▶ **What this task involves**
Skip the pictures, and retype the data below in full, exactly.

▶ **Stored data**
*** Begin section ***

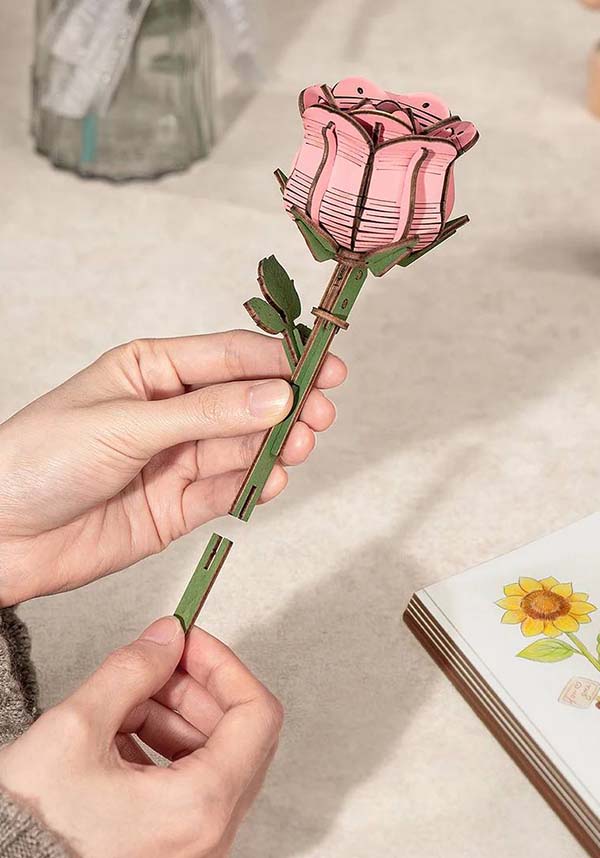 Pink Rose Flower | 3D PUZZLE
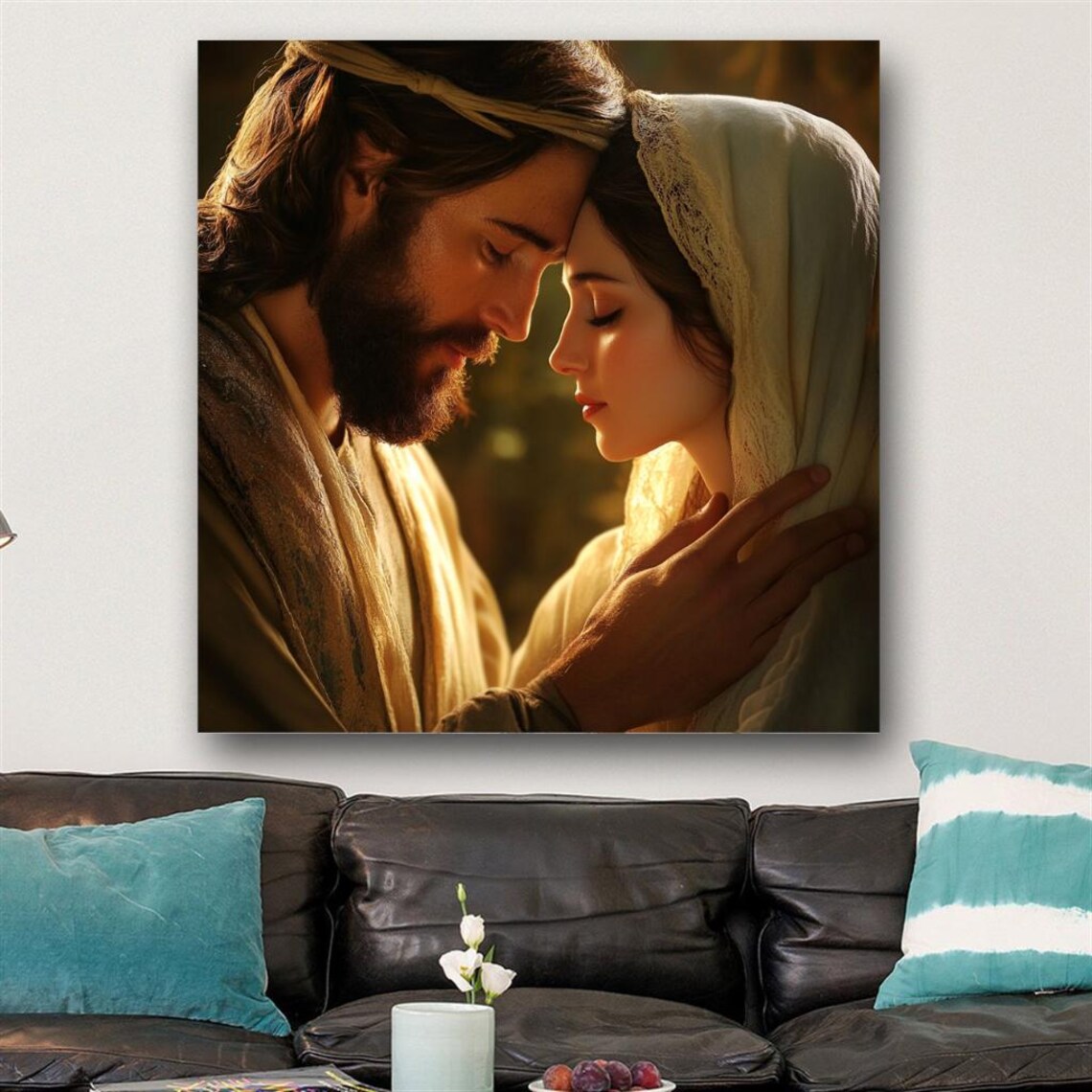 Jesus in a Tender Moment With a Bowed Woman in Golden Light Poster - Image 3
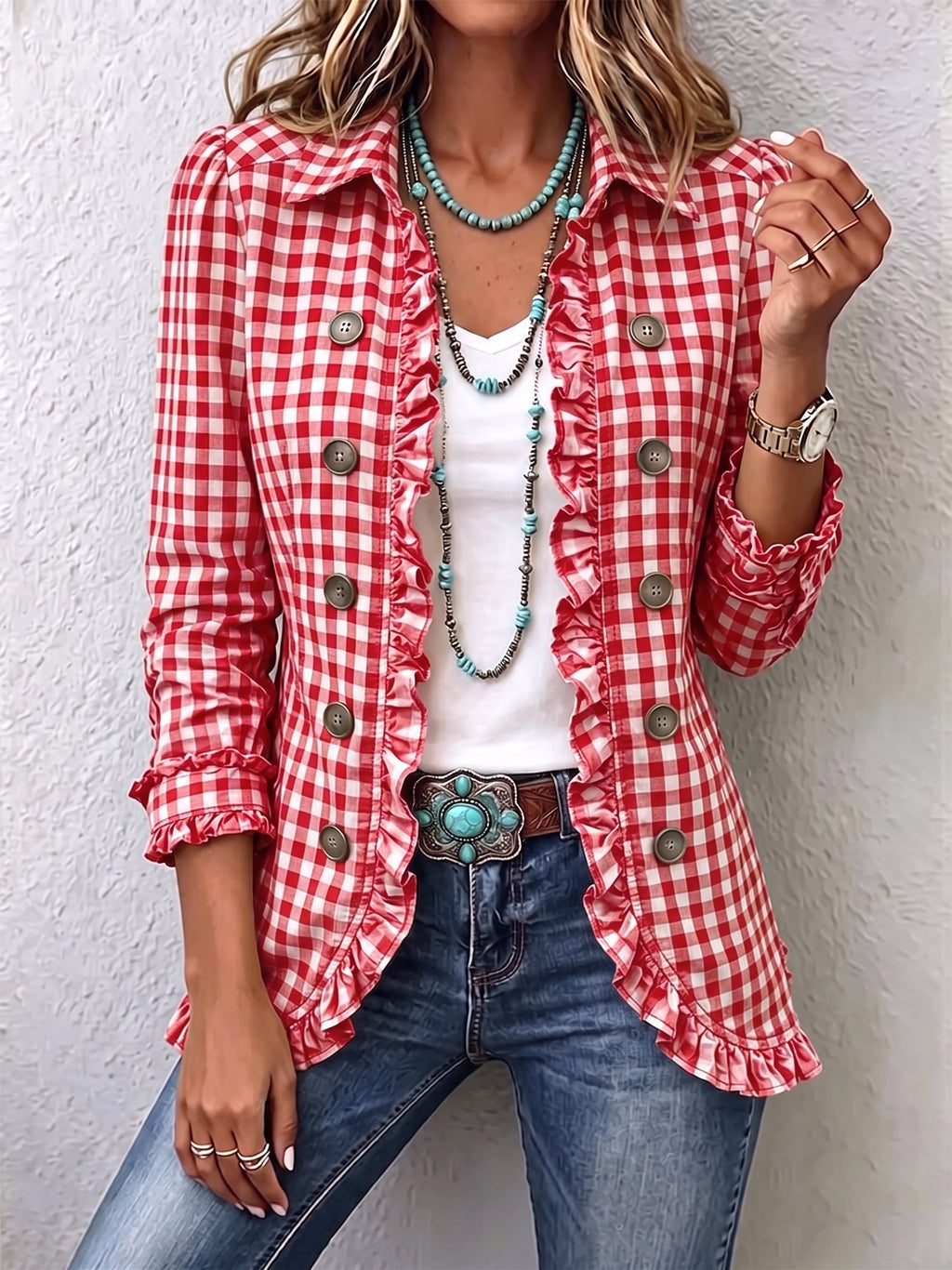 Charlene™ | Chaqueta de Cuadros Vichy con Volantes y Botones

*** End section ***

▶ **Expected answer**
 Pink Rose Flower | 3D PUZZLE
 Jesus in a Tender Moment With a Bowed Woman in Golden Light Poster - Image 3
 Charlene™ | Chaqueta de Cuadros Vichy con Volantes y Botones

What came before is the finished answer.